5. The issue to be resolved is whether the Fund was or was not a complying superannuation fund pursuant to s 42 of the Act for the year of income 1 July 1994 to 30 June 1995 ("the relevant year"). More particularly, the questions are whether the Trustee of the Fund contravened the Act by holding in-house assets in excess of those permitted by the Act, and whether the entity (the Fund) failed the culpability test contained in sub-s 42(1A). If the Fund was not a complying superannuation fund for the relevant year, the ISC was entitled to issue a notice under paragraph 40(1)(a), stating that the Fund is not a complying superannuation fund.

The Legislation

6. Division 2 of Part 5 of the Act contains provisions enabling the ISC to give notices about complying funds. Sub-s 40(1) provides that:

The Commissioner may give a written notice to the trustee of an entity stating:

(a)
whether the entity is or is not a complying superannuation fund;

...
in relation to a year of income specified in the notice.

7. Sub-s 42(1) provides that for the purposes of the division an entity is a complying superannuation fund if:

(a)
either:

(i)
the entity was a resident regulated superannuation fund at all times during the year of income when the entity was in existence; or
(ii)
the entity was a resident regulated superannuation fund at all times during the year of income when the entity was in existence other than a time, before it became a resident regulated superannuation fund, when the entity was a resident approved deposit fund; and

(b)
either of the following conditions is satisfied:

(i)
the trustee did not contravene this Act or the regulations in relation to the entity in respect of the year of income;
(ii)
both:

(A)
the trustee contravened this Act or the regulations in relation to the entity in respect of the year of income on one or more occasions; and
(B)
the entity did not fail the culpability test set out in subsection (1A) in relation to any of those contraventions.

8. To be a regulated superannuation fund, the entity must comply with sub-ss (2) to (4) of s 19. The fund must either have a trustee which is a constitutional corporation pursuant to a requirement in the governing rules, or the governing rules must provide that the sole or primary purpose of the fund is the provision of old-age pensions.

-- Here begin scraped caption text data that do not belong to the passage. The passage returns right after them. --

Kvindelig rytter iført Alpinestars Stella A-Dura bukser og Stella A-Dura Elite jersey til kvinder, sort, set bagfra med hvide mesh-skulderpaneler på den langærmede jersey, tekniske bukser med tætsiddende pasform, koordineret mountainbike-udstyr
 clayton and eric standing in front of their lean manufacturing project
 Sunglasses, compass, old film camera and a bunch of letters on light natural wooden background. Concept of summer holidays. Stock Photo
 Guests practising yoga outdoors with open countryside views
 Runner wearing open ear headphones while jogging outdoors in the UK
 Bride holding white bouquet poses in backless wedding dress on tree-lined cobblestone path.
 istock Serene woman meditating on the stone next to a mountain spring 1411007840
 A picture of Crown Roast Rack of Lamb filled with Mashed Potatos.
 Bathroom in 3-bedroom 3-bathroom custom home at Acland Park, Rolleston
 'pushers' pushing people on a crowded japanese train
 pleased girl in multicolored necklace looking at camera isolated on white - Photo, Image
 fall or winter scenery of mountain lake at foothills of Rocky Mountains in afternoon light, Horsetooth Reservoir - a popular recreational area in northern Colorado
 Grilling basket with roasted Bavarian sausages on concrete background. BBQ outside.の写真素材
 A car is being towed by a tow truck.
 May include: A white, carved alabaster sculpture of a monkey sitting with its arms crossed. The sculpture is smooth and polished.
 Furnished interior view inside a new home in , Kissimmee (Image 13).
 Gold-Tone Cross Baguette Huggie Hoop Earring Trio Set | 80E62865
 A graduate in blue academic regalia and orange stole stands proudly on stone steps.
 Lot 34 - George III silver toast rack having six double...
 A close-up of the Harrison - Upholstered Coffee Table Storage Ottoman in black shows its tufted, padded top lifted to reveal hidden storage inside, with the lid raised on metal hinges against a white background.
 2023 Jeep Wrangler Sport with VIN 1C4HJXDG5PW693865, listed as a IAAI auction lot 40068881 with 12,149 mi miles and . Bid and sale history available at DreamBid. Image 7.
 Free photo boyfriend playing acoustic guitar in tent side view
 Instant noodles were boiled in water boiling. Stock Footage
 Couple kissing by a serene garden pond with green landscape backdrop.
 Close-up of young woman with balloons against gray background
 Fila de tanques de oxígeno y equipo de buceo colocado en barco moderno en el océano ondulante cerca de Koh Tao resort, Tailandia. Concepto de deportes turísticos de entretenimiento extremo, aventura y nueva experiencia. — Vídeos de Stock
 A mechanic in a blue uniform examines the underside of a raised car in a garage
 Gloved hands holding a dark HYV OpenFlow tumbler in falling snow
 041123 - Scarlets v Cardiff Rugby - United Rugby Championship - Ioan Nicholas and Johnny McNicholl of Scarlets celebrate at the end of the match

In this case it is not in contention that the Fund is a superannuation fund and its trustee, the applicant, is a constitutional corporation. Sub-s 19(4) requires the trustee to have lodged an irrevocable election with the Commissioner that the Act is to apply in relation to the fund. It was not disputed that the Fund lodged a notice of this election on 16 June 1994. As the Fund is in compliance with sub-ss (2) to (4) of s 19, it is taken to be a regulated superannuation fund.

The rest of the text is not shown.